Prosecutors fear evidence could help Nemnich
Mesa County prosecutors want to argue in a secret court motion why they believe a new item of evidence, potentially favorable for a man accused of killing two people in 1975, shouldn’t be turned over to defense attorneys.
Assistant District Attorney Rich Tuttle didn’t identify the new item in question in a motion he filed June 15.

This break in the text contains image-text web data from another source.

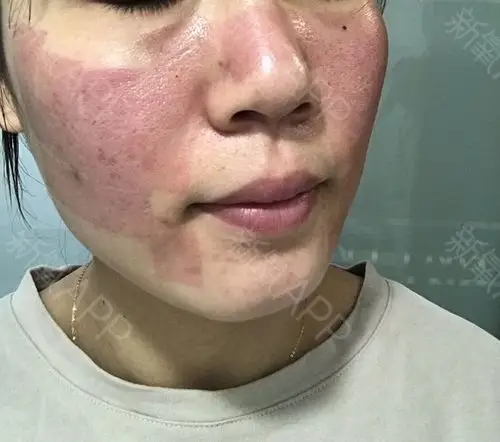 南昌光子嫩肤好不好_效果图_氧气0w6wp光子嫩肤术后第0天_新氧美容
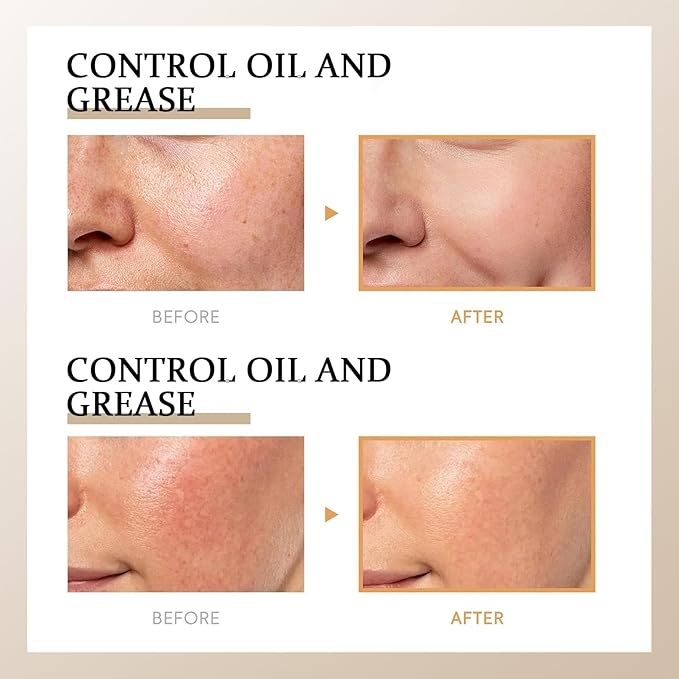 Moolinse Peel Shot P5 Exfoliant Ampoule Face Korean Skin Care (Pack of 2)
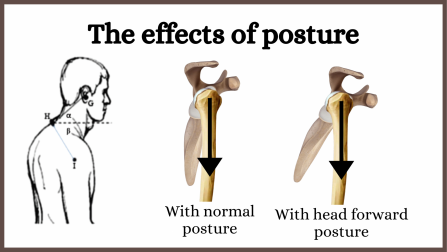 Head forward posture and shoulder balance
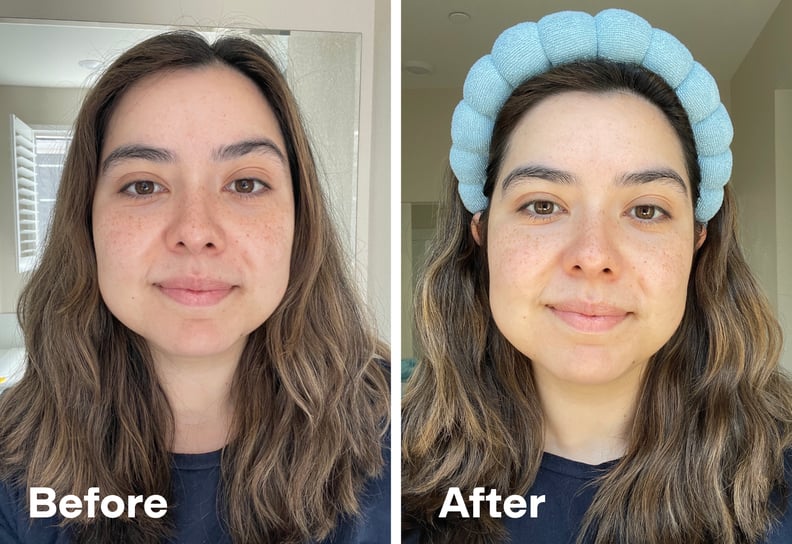 Before and After Using the Versed Skin Hydration Trio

“With respect to this item ... there are other factors which militate against disclosure of same to the defense,” Tuttle wrote in the district attorney’s motion in the case against 65-year-old Jerry Nemnich.
The motion asks District Judge Brian Flynn to allow prosecutors to file another motion, under seal, asking the judge to determine whether the item should be provided to Nemnich’s defense. The prosecution cites case law that it says allows the judge to privately review items of evidence and make a determination whether it should be shared.
“It is out of an abundance of caution that the people now desire to submit the item to the court for a discovery determination,” Tuttle wrote.
As of Thursday morning, Nemnich’s defense had not responded to the prosecution’s request.
Nemnich has pleaded not guilty on separate counts of first-degree murder in the July 1975 stabbing deaths of Linda Benson, 24, and her daughter, Kelley, who were slain in their Grand Junction apartment.
Nemnich, an over-the-road trucker who lived in Longmont, was arrested in April 2009, largely on the strength of DNA evidence found at the apartment, which prosecutors allege placed Nemnich there.
Nemnich’s trial had been scheduled to take place earlier this year, but it was continued in February after prosecutors said an additional round of DNA tests was completed. Although the results haven’t been aired, District Attorney Pete Hautzinger wrote in a court filing the results were “highly beneficial” to the prosecution’s case.